Vringo, a publicly-listed technology company that is famous for “protecting” its intellectual property in the mobile space, today announced it has sued Chinese mobile giant ZTE in the UK for allegedly infringing patents covering cellular network technologies.
The company says that it has filed a lawsuit in the UK High Court of Justice against the UK arm of ZTE, after it decided not to take up the offer of licensing its patents. It alleges that ZTE infringed on EU patents 1,212,919 (Relocation in a communication system); 1,166,589 (Rotating synchronization channel transmission); and 1,808,029 Inter-system hand-over of a mobile terminal operable with a first and second radio access network).
It says that ZTE’s cellular network elements all “fall within the scope of all three patents, and ZTE’s GSM/UMTS multi-mode wireless handsets also fall within the scope of the ’029 patent.”
Interestingly, it appears that Vringo is using the portfolio of 500 patents it recently acquired from Nokia for $22 million in August.

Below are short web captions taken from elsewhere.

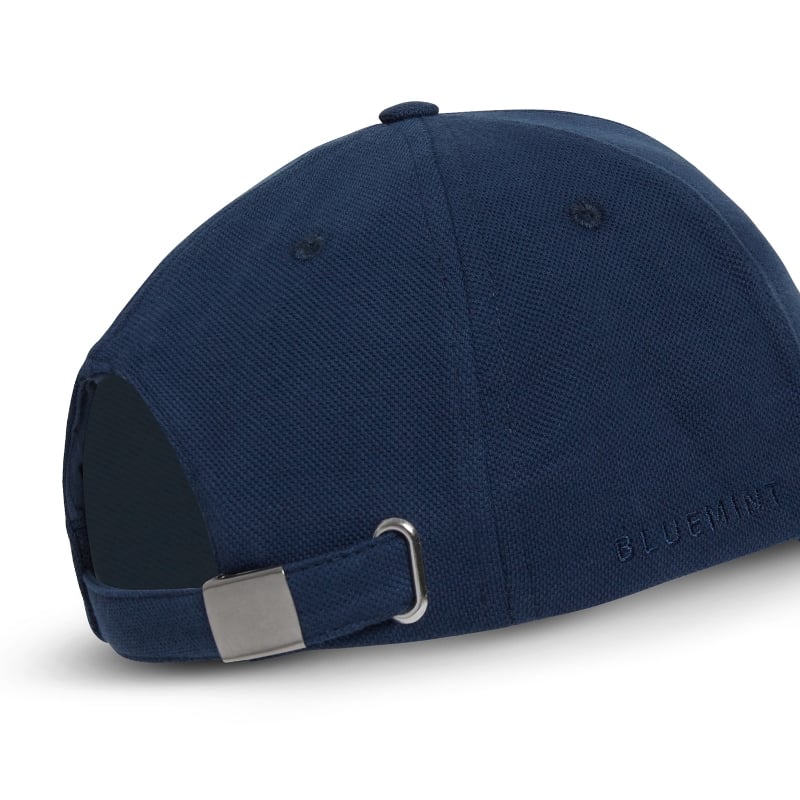 Bluemint REX INDIGO Logo Printed Baseball Cap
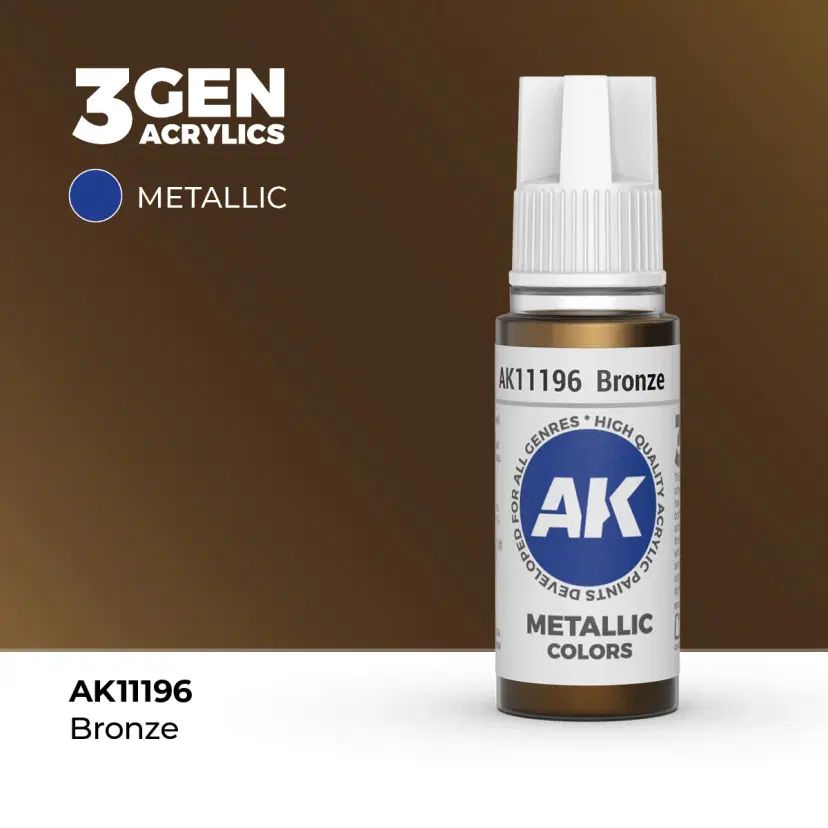 Bronze – Metallic 18 ml
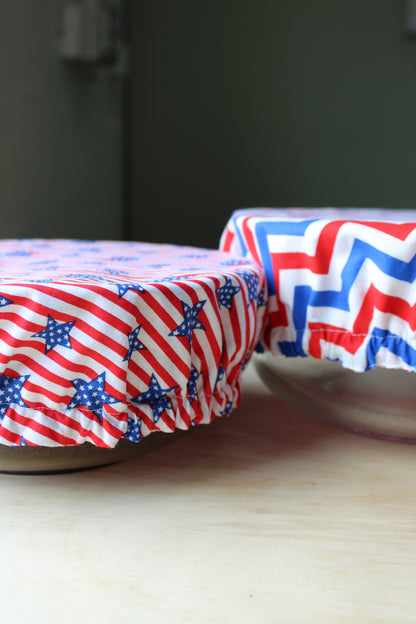 Star-Spangled Summer Bowl Cover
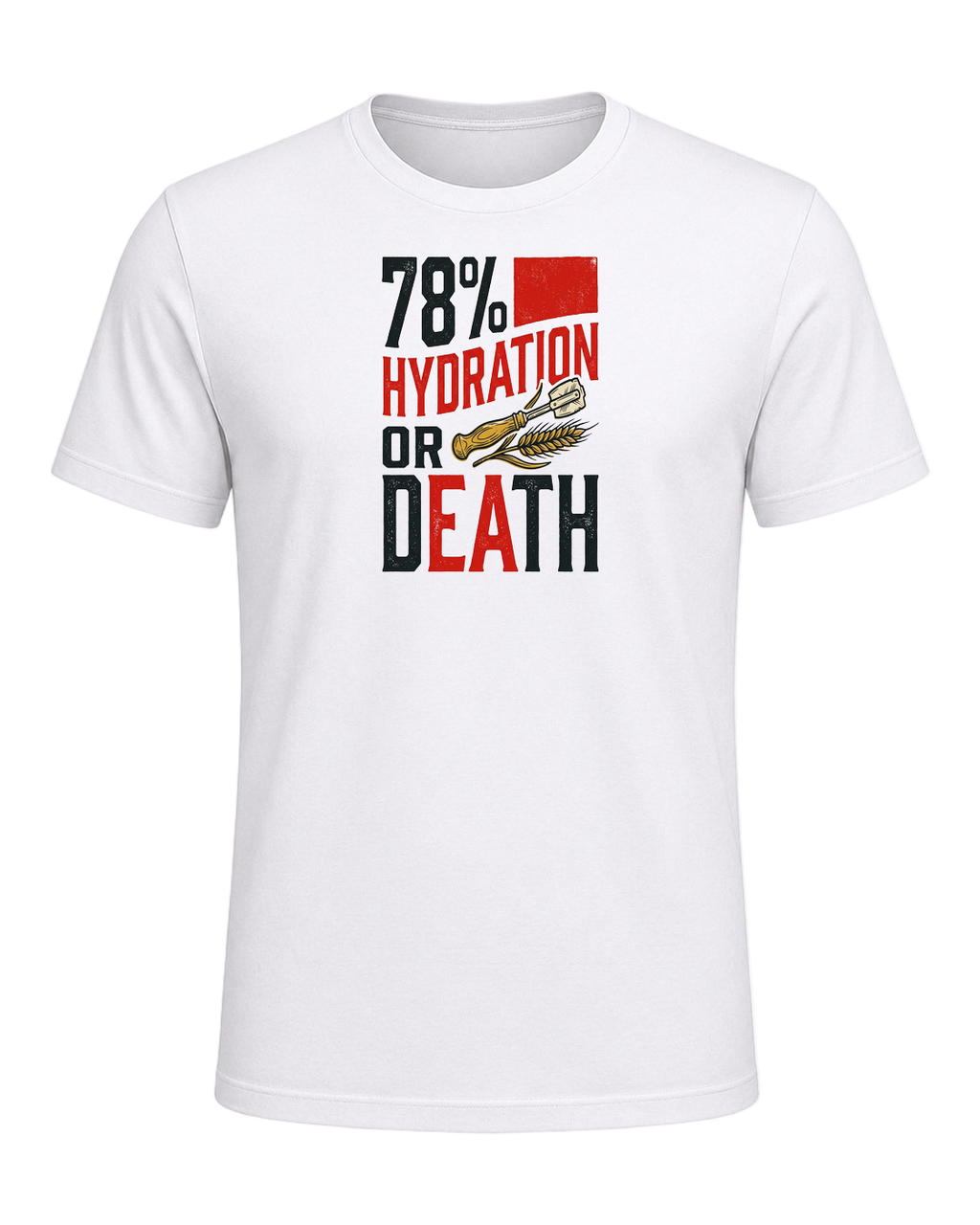 78% HYDRATION OR DEATH — White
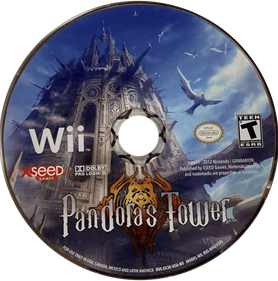Pandora's Tower - Disc Image
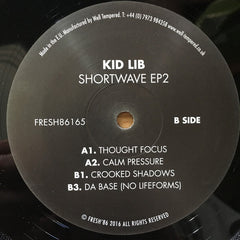 Kid Lib : Shortwave EP2 (12", EP)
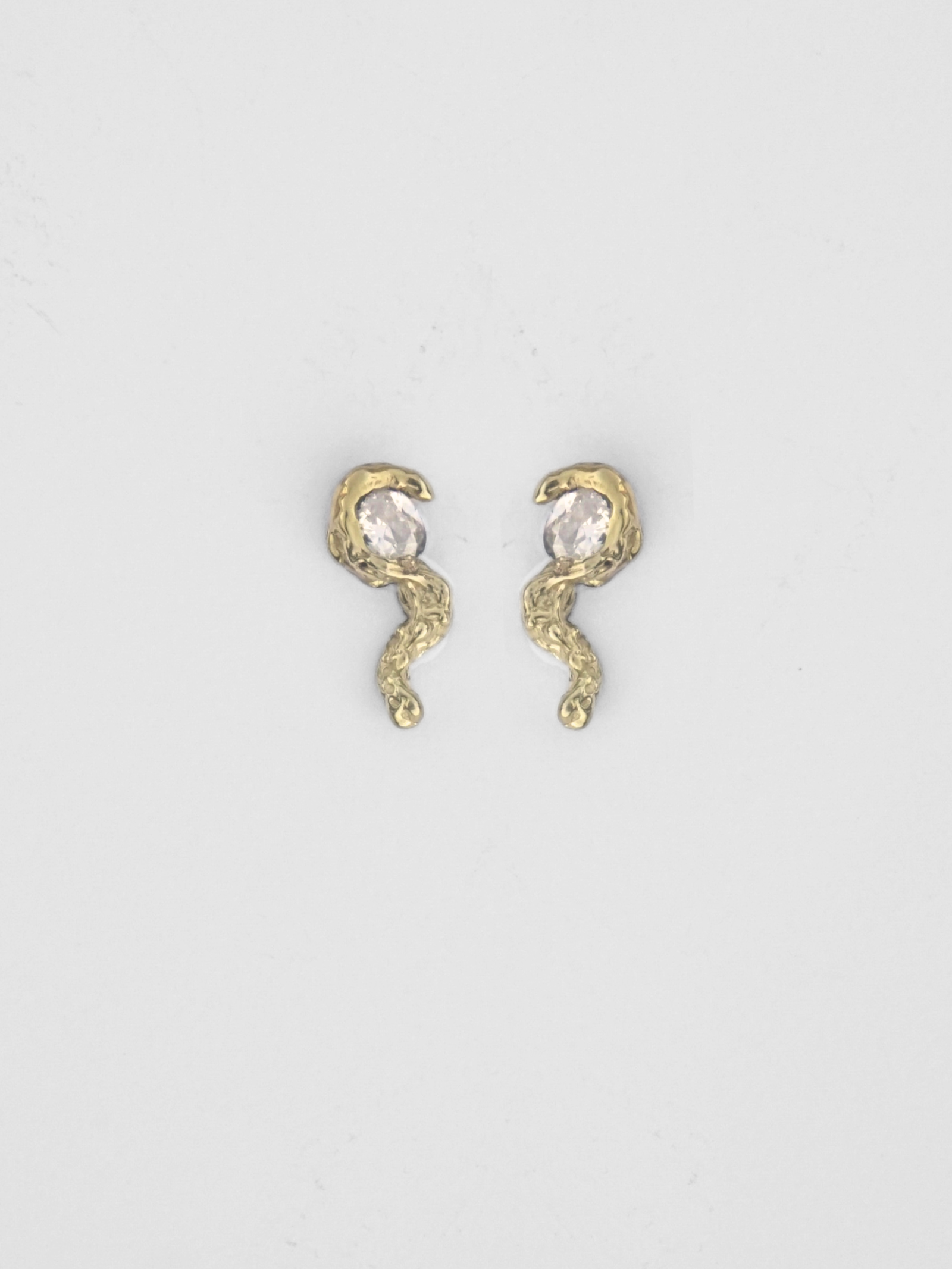 Puls Earrings Gold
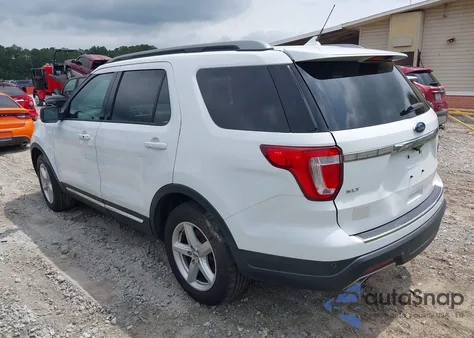 2018 Ford Explorer Xlt from USA, damaged, VIN 1FM5K7D8XJGA91825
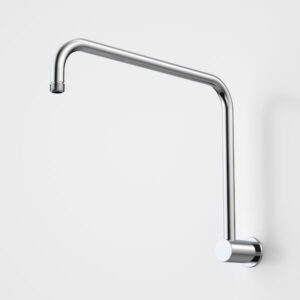 Urbane II Chrome Upswept Shower Arm 460mm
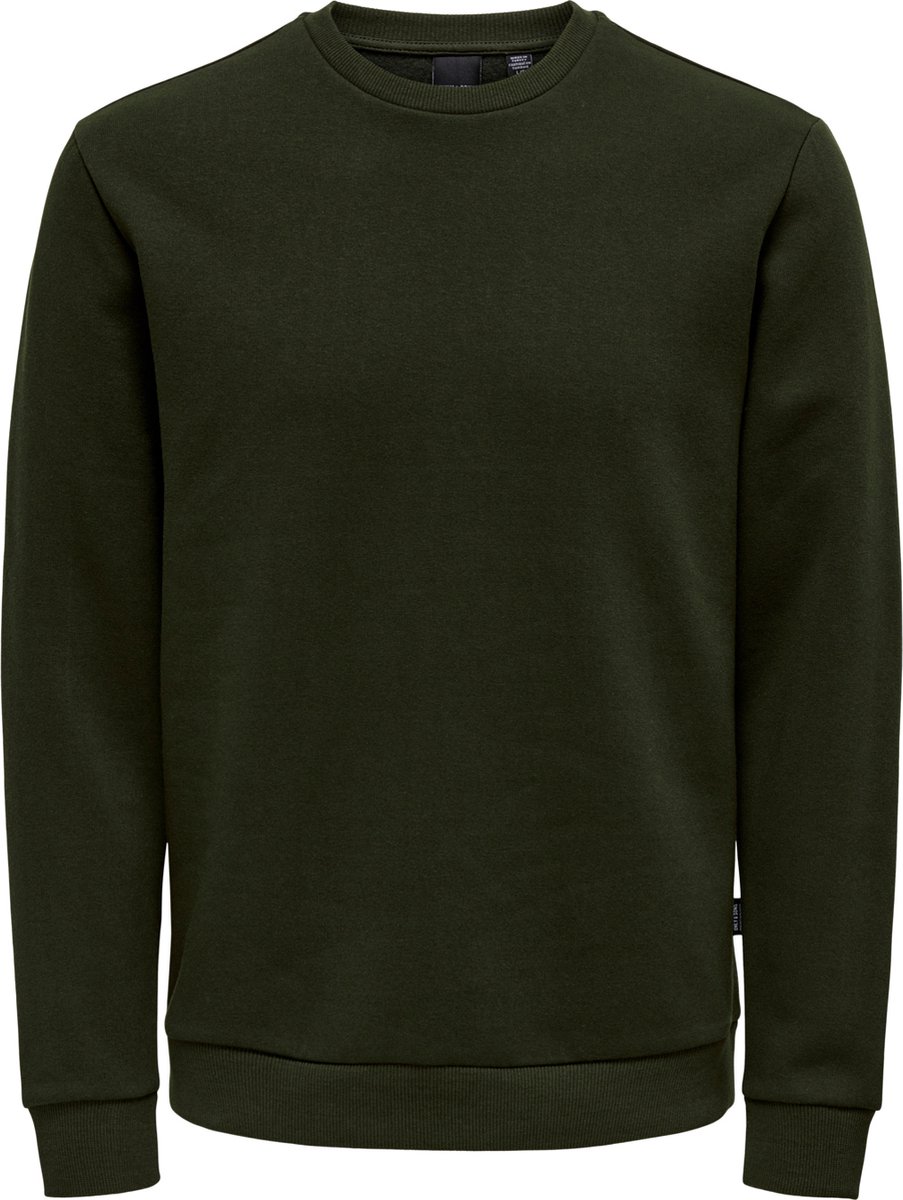 ONLY & SONS ONSCERES CREW NECK NOOS Heren Trui - Maat XL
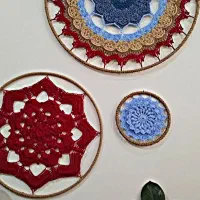 ماندالا قاب دیواری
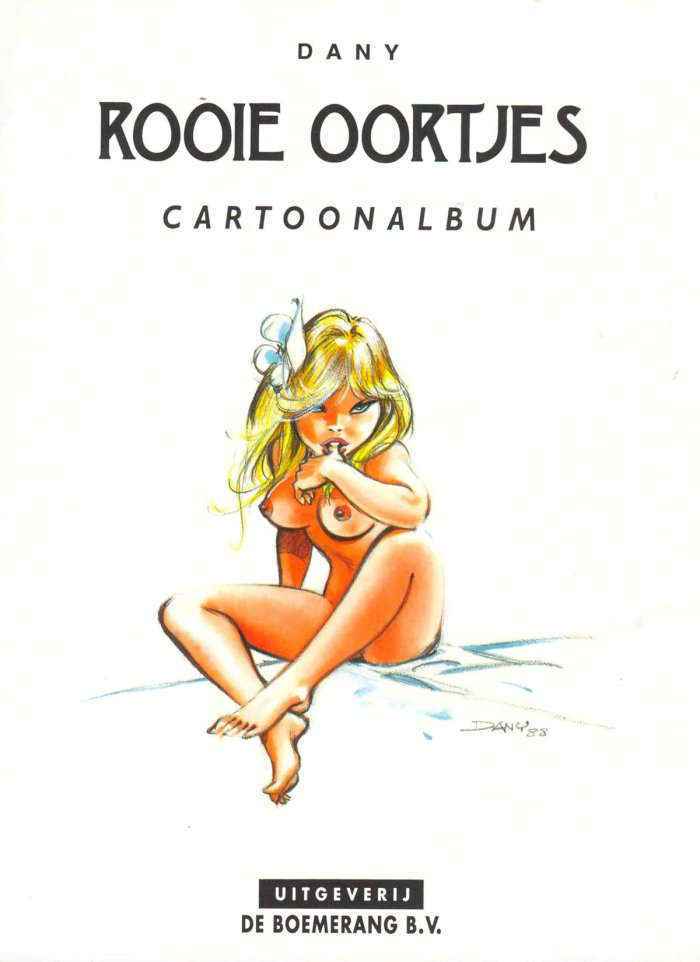 Rooie Oortjes Cartoon Album 01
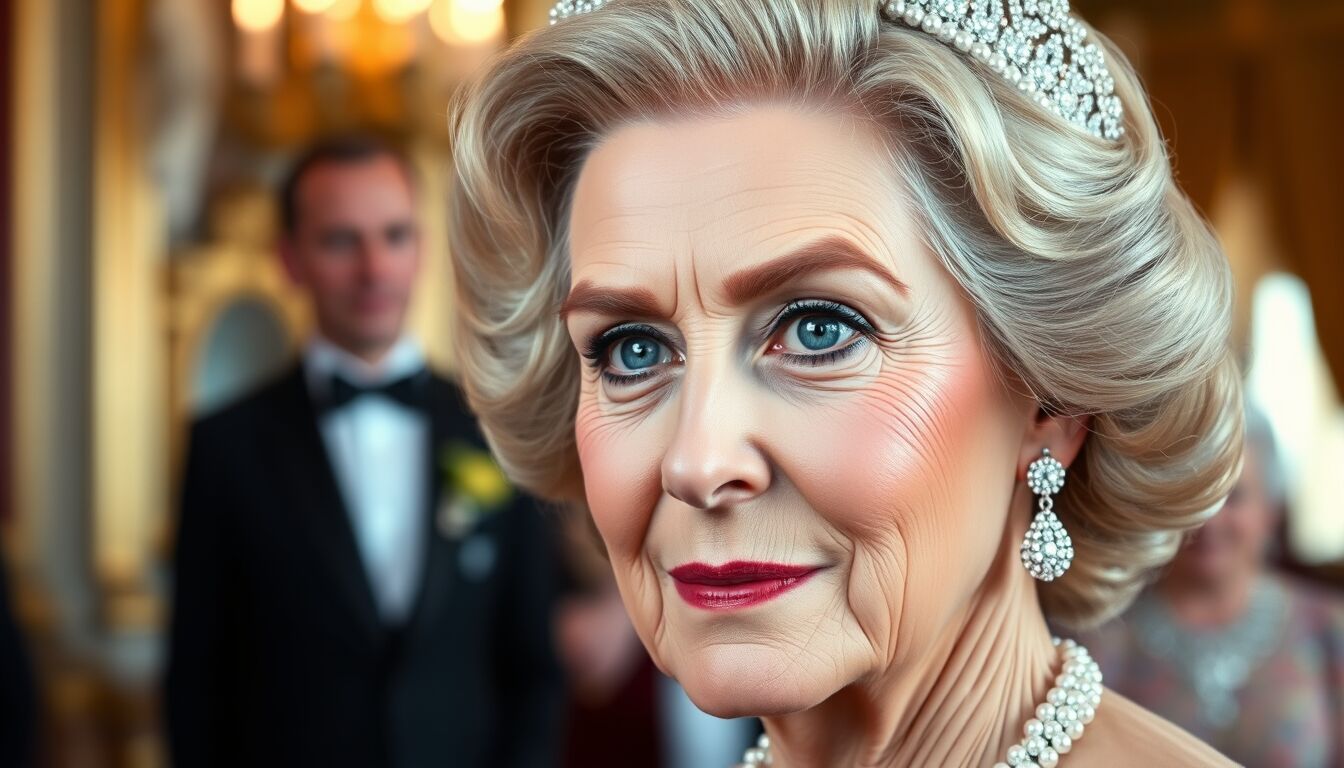 Regina Camilla sorprende a corte con le sopracciglia tatuate e accende il dibattito sull’immagine reale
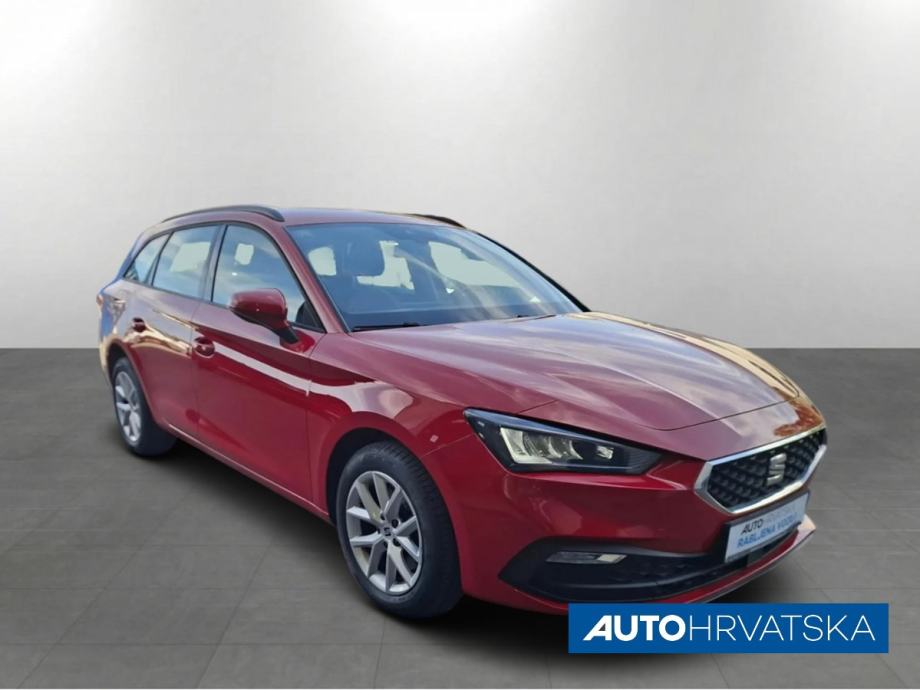 SEAT LEON SW 2.0 TDI EVO STYLE - JAMSTVO 15 MJESECI, 15.490,00 €, fotografija 4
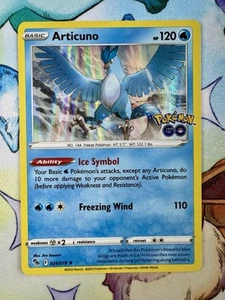 Articuno 024/078 Pokémon GO Holo - Imagen 1 de 1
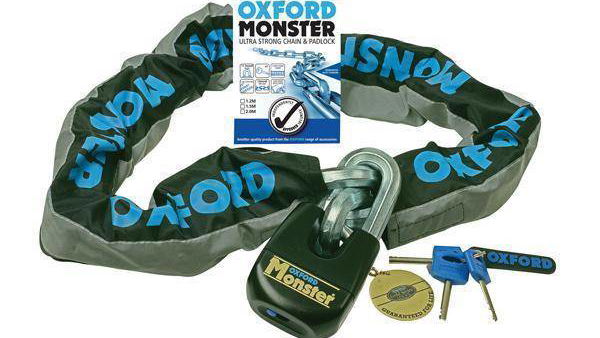 Monster Chain & Padlock review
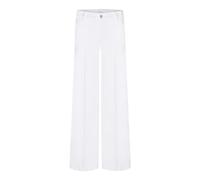 Cambio - Wide Pantalons - Femme - Pantalons - Blanc - Taille: 42 FR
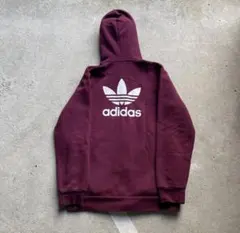 ダブルジップ パーカー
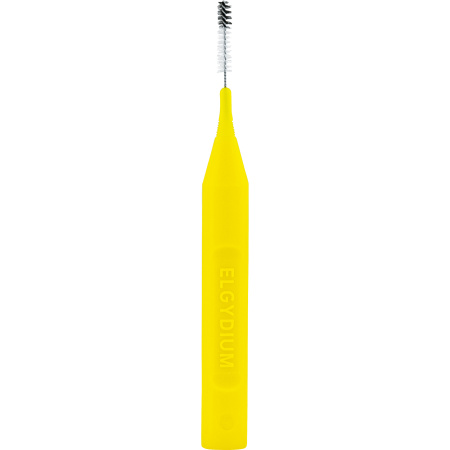 Oral Care Elgydium Clinic Interdentale Borstel Mono Compact Geel Fijn Iso 2 1mm 4 Stuks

All three of the patents named in the lawsuit are registered to Nokia, which retains a license for its own mobile products.
Vringo’s David L. Cohen, Head of Licensing, Litigation, and Intellectual Property at Vringo explains the reasons behind the suit:
“We believe that ZTE is aware that it requires licenses to all patents that are essential to relevant standards. Further, we believe that ZTE is familiar with systems for declaring patents to standards-setting organizations and the relevant intellectual property rights policies for those organizations, having itself declared hundreds of patents to international standards.”
At the end of September, Vringo sent a letter to ZTE “inviting” the company to license its patents. It warned the company that “if and for as long as ZTE does not make a concrete, binding offer to take a license capable of acceptance by Vringo, which would include a FRAND payment for all past infringement, and which would result in a license to Essential patents on FRAND terms, Vringo will pursue all legal remedies available.”
ZTE appears to have ignored Vringo’s letter, leading to today’s legal filing.